▸ YOUR GOAL
Write out exactly the lines below from the one containing "Amy's Organic Black" to the last, both ends kept, and nothing more; skip all pictures.

▸ EXCERPTED RECORDS
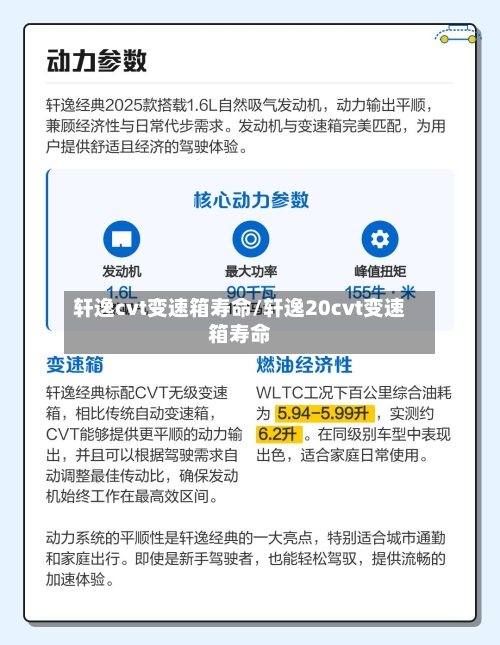 轩逸cvt变速箱寿命/轩逸20cvt变速箱寿命-第2张图片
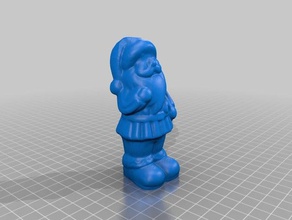 santa figurine - 3d scan scans & replicas christmas decoration holiday holidays miniature miniatures model new year claus scale 3d print model - Mito3D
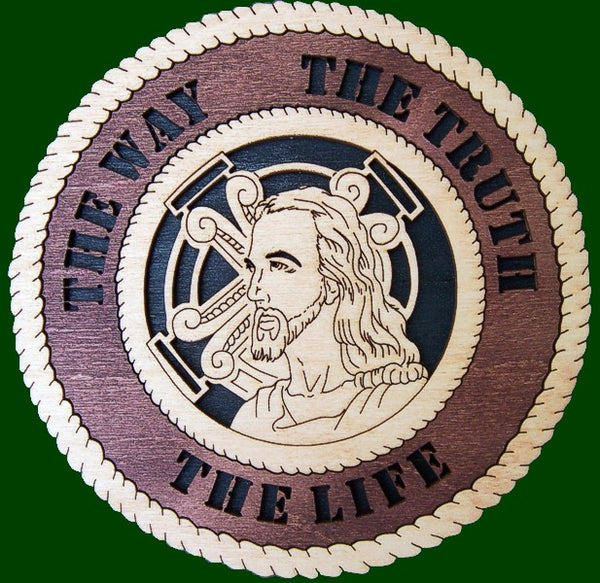 Jesus - The Way, The Truth, The Life Laser Files for Wall Tributes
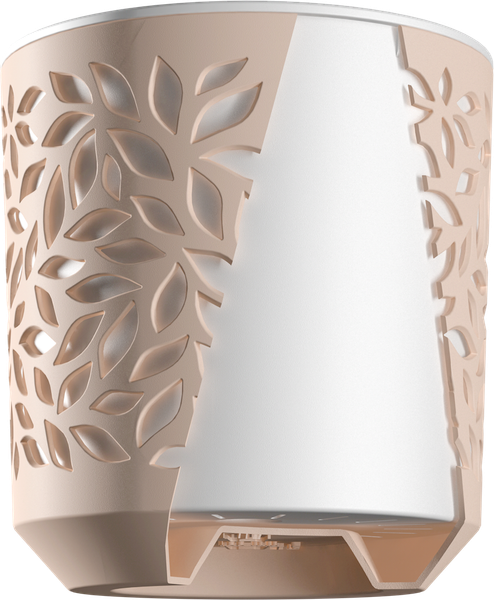 Изображение товара Кашпо La Decoro Leaves / КШ-9585 (пудровый/белый)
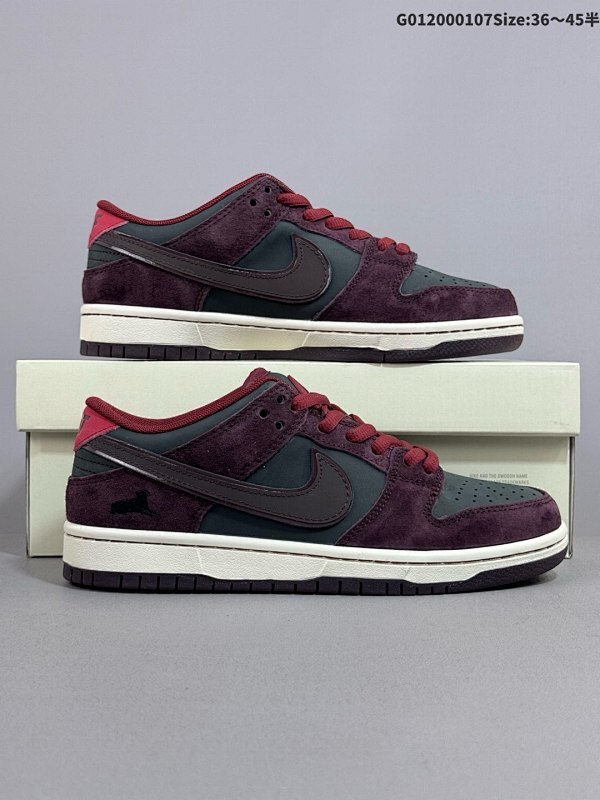 20036-45半 RIOT Skateshop x Nike SB Dunk Low 耐克 SB 低帮 联名棕红货号FZ1289-200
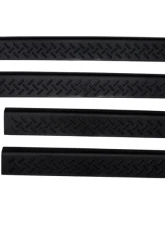 AVS Stepshields Door Sills 4pc Black Toyota Tacoma Access Cab 2005-2015                                     - 91021 - Image 3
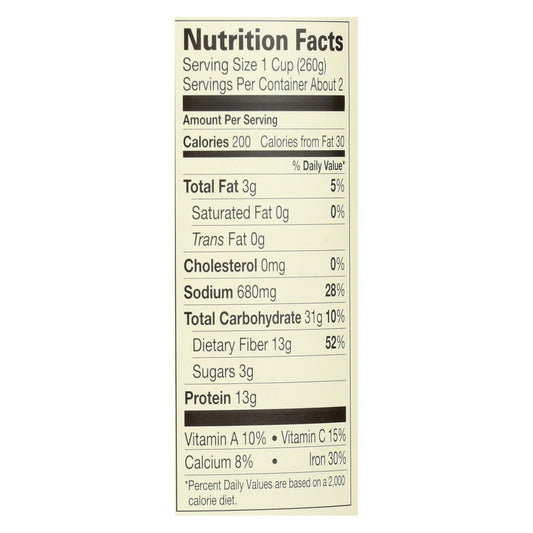 Amy's Organic Black Bean Chili, Medium, 12-Pack, 14.7 Oz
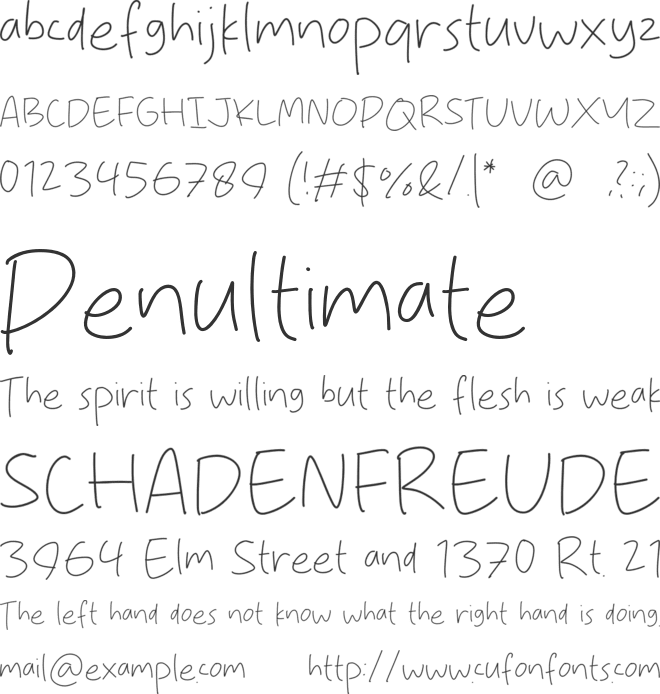 Lazy Script font preview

▸ ANSWER TO THIS PROBLEM
 Amy's Organic Black Bean Chili, Medium, 12-Pack, 14.7 Oz
 Lazy Script font preview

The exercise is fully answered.